Syrian business dries up after Assad’s crackdown on dissent (Guardian UK)
Apart from the tinkle of water from the fountain, all is silent in the courtyard of a boutique hotel in the old city of Damascus. “We’re almost empty,” says one employee. “Usually we’d be full, but tourists have stopped coming.”
It’s a view that is reinforced by travel agents serving Syria, who are reporting a dramatic slump in business, following record numbers last year.
As the protest movement against President Bashar al-Assad has accelerated, intensified and then reeled in the face of a brutal crackdown, tourist numbers have dried up – and the country has lost a vital source of income and foreign currency.
The impact on an already weakened economy is palpable. “I have made nothing this week,” says one seller on the old city’s Straight Street, adding that the situation was even worse in other cities.

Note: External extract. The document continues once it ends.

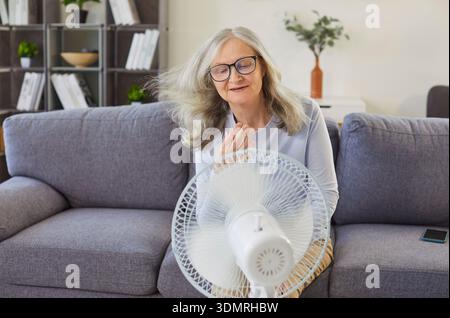 Senior woman feeling warm cooling herself with fan, room climate problem, uncomfortable to relief Stock Photo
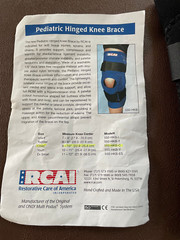 RCAI Knee Brace Pediatric Child D-Ring/Hook and Loop Strap NEW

Some business owners have laid off workers, shortened working hours or reduced employees’ pay. Small-scale traders say business is down while manufacturers report difficulties in getting their goods to market.
“I have to fly my goods out as I cannot rely on the road to be open or passable,” says one clothing manufacturer. “It costs me so much more but I can’t raise my prices.”

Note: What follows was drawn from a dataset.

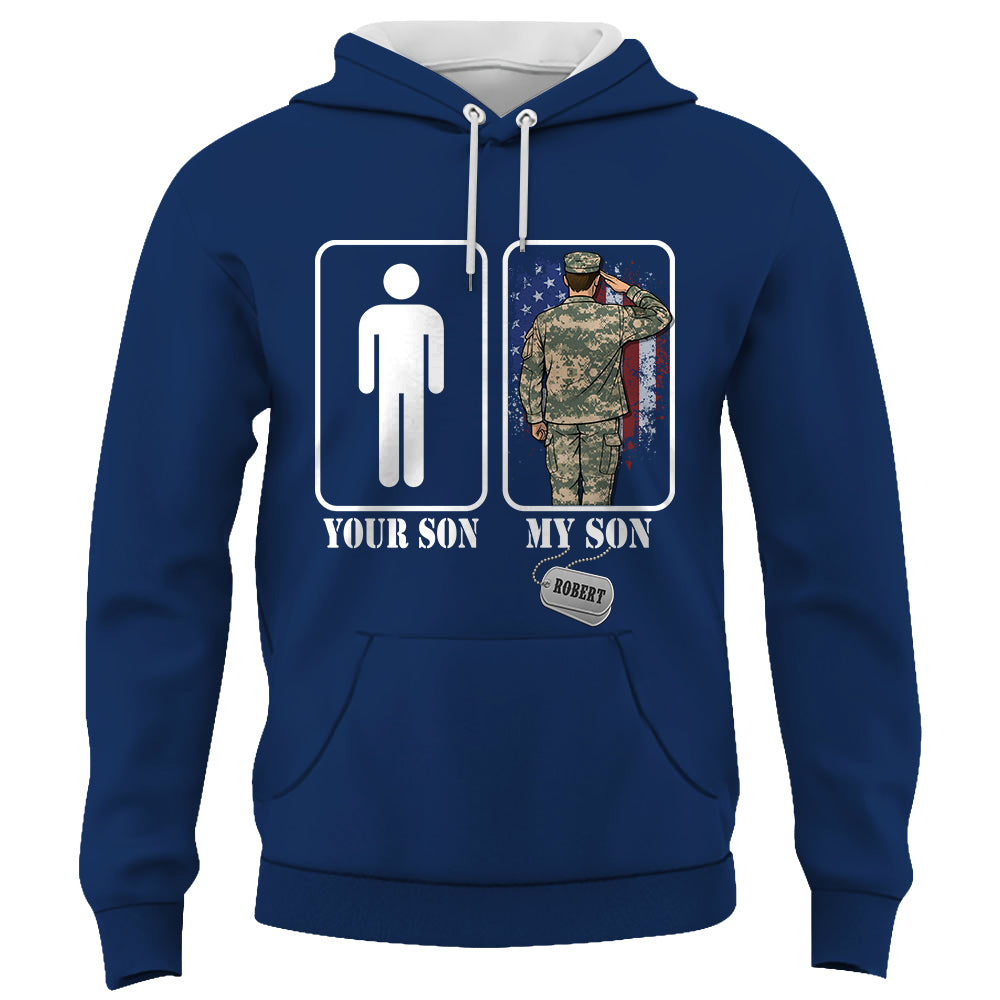Custom Military Mom Dad... Funny Your Son My Son T-shirts Personalized Military Graduation Day Family Shirt K1702 Trhn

Big businesses are also feeling the pain. Before the recent unrest, Syria’s economy – based primarily on agriculture and manufacturing – was already struggling. Liberalisation since 2005 caused inflation to soar to 15% in 2008 and cheaper goods coming in from Turkey and China have forced many manufacturers out of business, especially textiles factories in Aleppo. Drought has also caused thousands to migrate to the cities from rural areas.

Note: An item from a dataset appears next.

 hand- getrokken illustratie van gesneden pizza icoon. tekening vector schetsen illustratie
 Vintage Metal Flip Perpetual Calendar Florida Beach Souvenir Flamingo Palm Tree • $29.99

In recent years, Syria’s government started to encourage foreign investment, with French supermarket Carrefour and the cafe chain Costa opening branches in the country.
But many foreign investors are starting to consider pulling out and the trend is likely to be accelerated by the imposition of international sanctions on Assad and other senior officials.
Qatar Electricity and Water has cancelled a $900m (£558m) project to build power plants. British companies are reported to be considering pulling out.
“Capital is flying out the country and the brain drain is increasing as some professionals look to relocate to Dubai and Paris,” says the analyst. Dollars are scarce in Damascus and the Syrian pound has fallen on the black market. Shortages have not yet been reported, although rumours of a run on bread led to long queues at bakeries.
Economic woes, and the economic dominance of friends and relatives of the president, have been one of the sparks of the protests.
Much of the anger has focused on Rami Makhlouf, Assad’s cousin whose interests in telecommunications, transport, banking, tourism, real estate and construction dominate the economy. Foreign and local investors are often forced to partner with Makhlouf, earning him the nickname Mr Ten Percent.
With protests failing to gain momentum, some opposition activists are looking to the Sunni merchants of Damascus and Aleppo for signs they might join the fray.
But business leaders remain wary and even the most disaffected are more likely to leave the country than protest, according to the analyst: “It is easier to go to Dubai than try to turn against the regime – they have too much to lose.”
But Assad may only be putting off the inevitable. As the government seeks to appease protesters, it has reversed economic policy, stemming plans to cut subsidies and pledged pay rises and extra jobs in an already burgeoning public sector. This has found favour with some ordinary families but is unaffordable in the long term.
Inflation is almost certain to rise as the government signs up a company to print more money. Investor confidence has dropped and EU sanctions on Makhlouf, who is already under US sanctions, will make people wary of dealing with him.
“I want stability,” says one shopkeeper in the new area of the city. “But if none of us can make money, maybe I will consider protesting.”